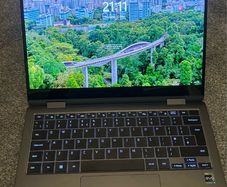 Samsung laptop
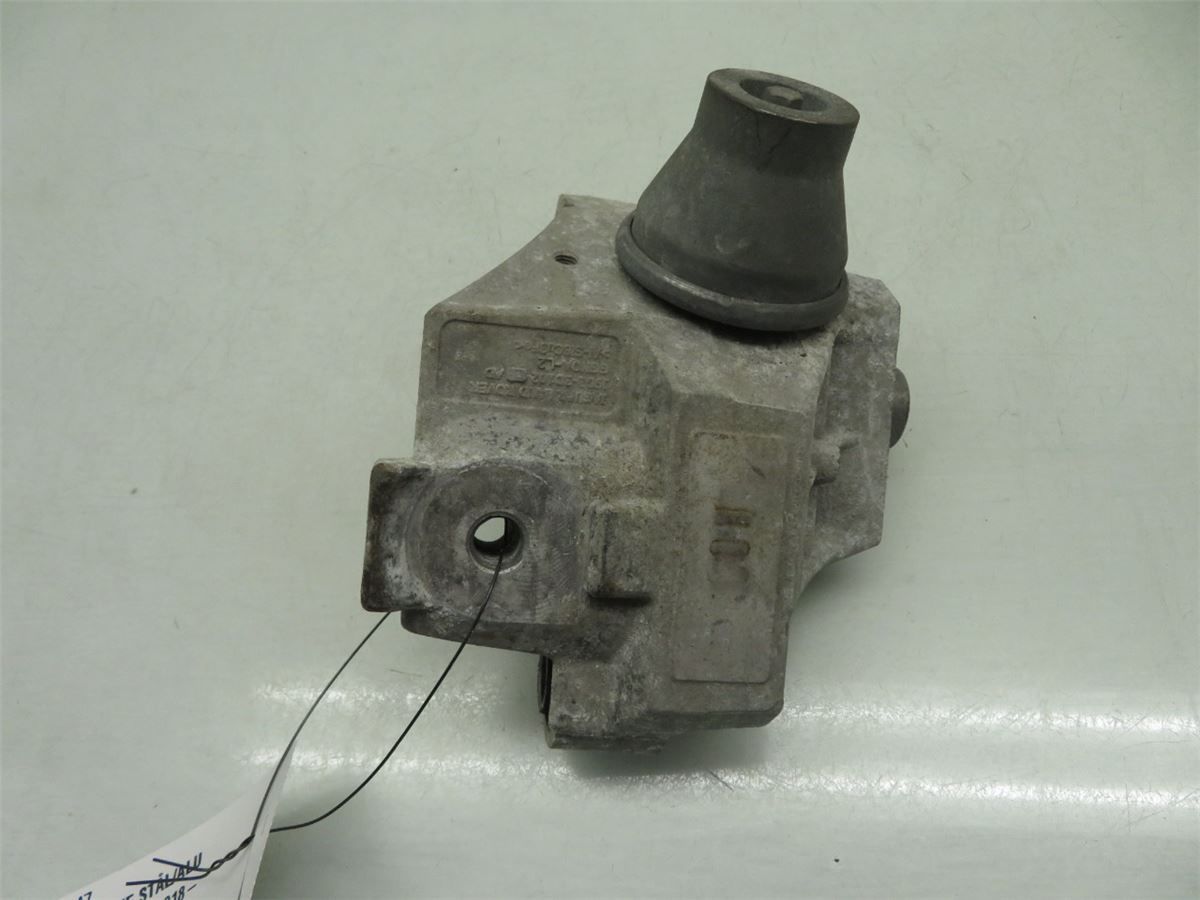 Motor Feste Stål / Alu – bilde 2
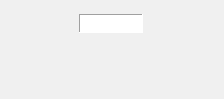 guizero TextBox widget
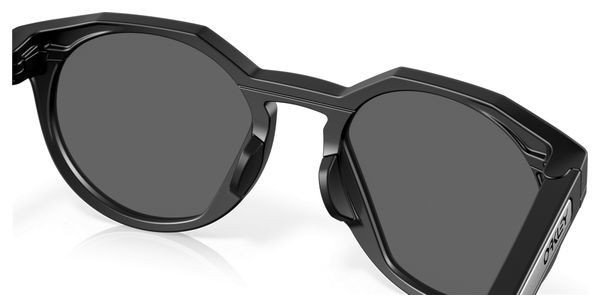 Oakley HSTN Metal Eyewear Matte Black Prizm Black / Ref: OO9279-0152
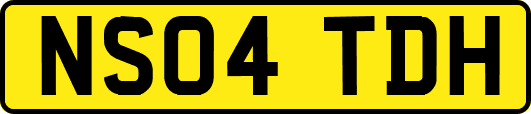 NS04TDH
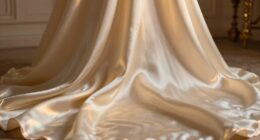 silk highlights alter ambiance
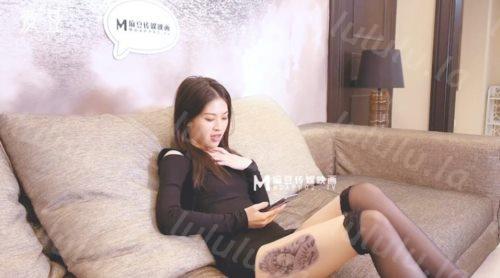 麻豆传媒 MSD-031 午夜电话艳遇 绝不断线 肉欲发泄-福利岛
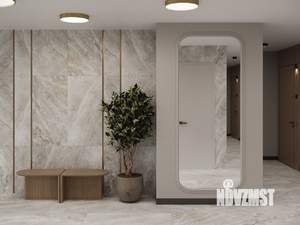 2-к квартира, вторичка, 88м2, 2/13 этаж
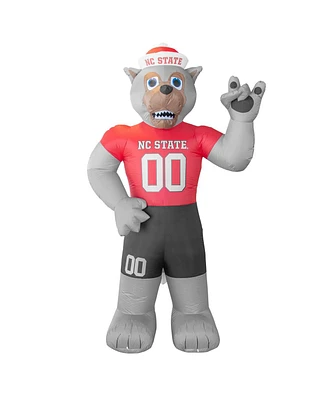 Logo Brands Nc State Wolfpack Inflatable Mascot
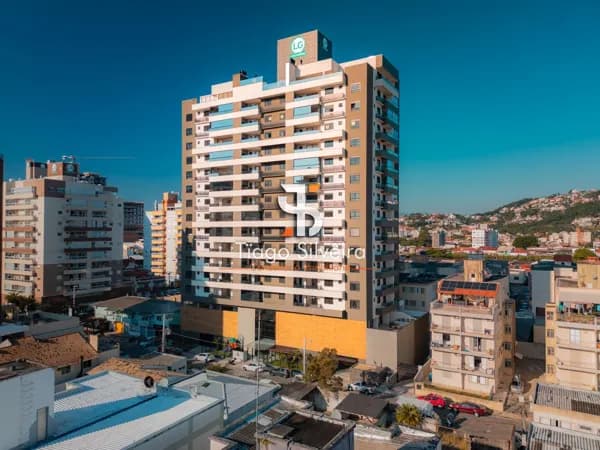 Seu novo lar em um apartamento de alto padrão com 4 dormitórios, churrasqueira na sacada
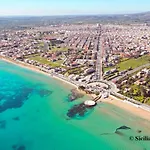 Onde Di Sicilia Suite Sea View
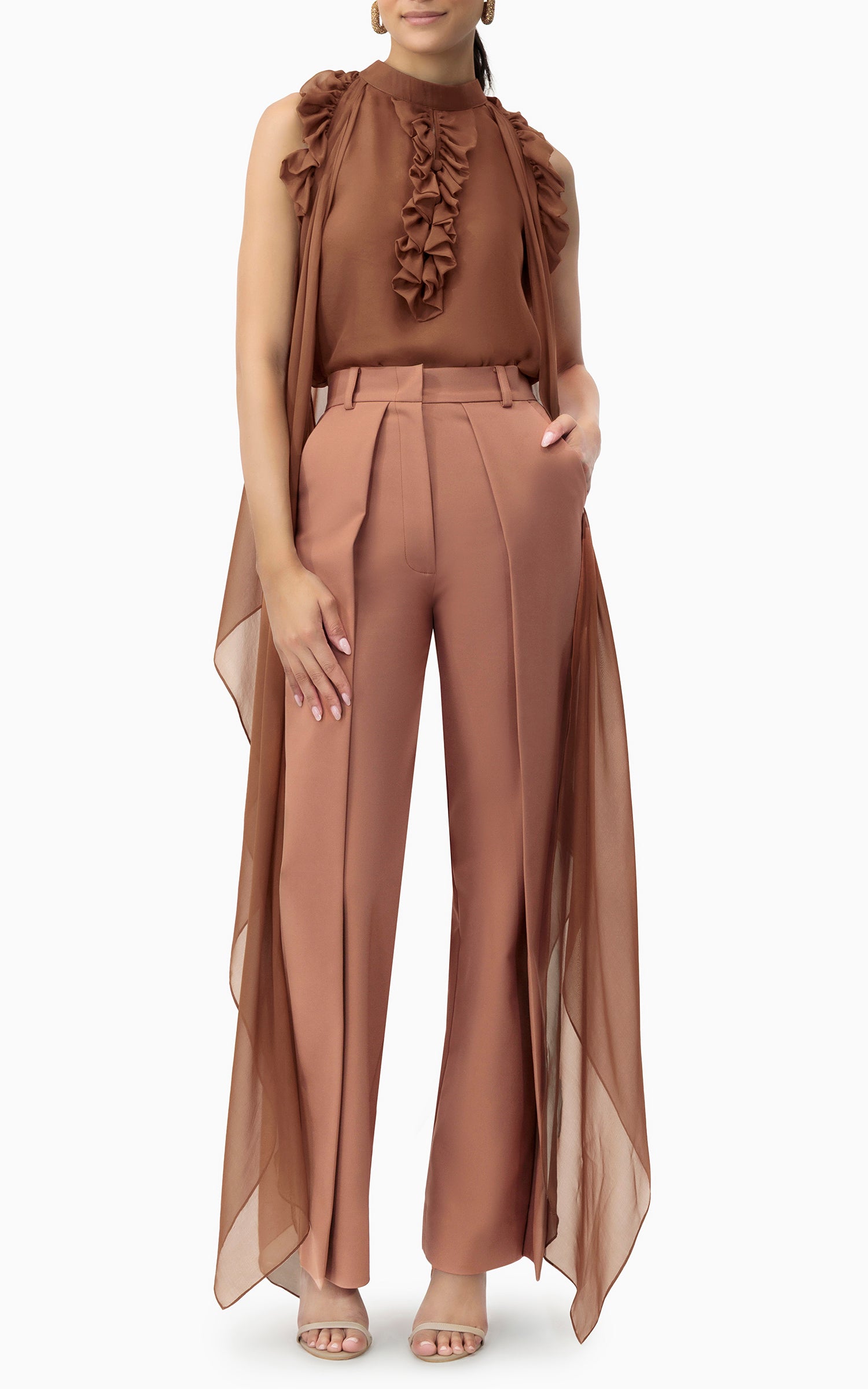 HAZEL PANTS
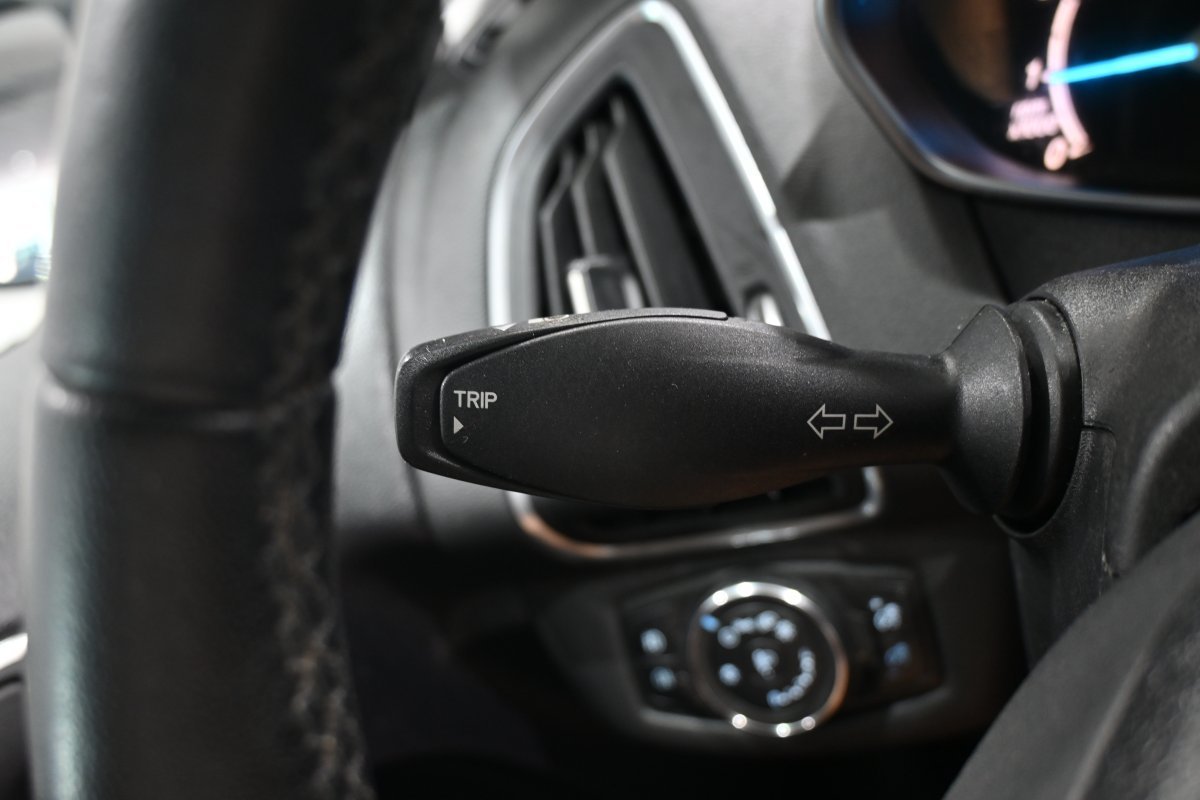 Foto Ford B-Max 20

* [Assignment] Pictures should not appear in the copy. Write out exactly the lines above from the first one through the line that contains "麻豆传媒 MSD-031 午夜电话艳遇 绝不断线 肉欲发泄-福利岛".

* [Reply]
 Samsung laptop
 Motor Feste Stål / Alu – bilde 2
 guizero TextBox widget
 Oakley HSTN Metal Eyewear Matte Black Prizm Black / Ref: OO9279-0152
 NS04TDH
 silk highlights alter ambiance
 麻豆传媒 MSD-031 午夜电话艳遇 绝不断线 肉欲发泄-福利岛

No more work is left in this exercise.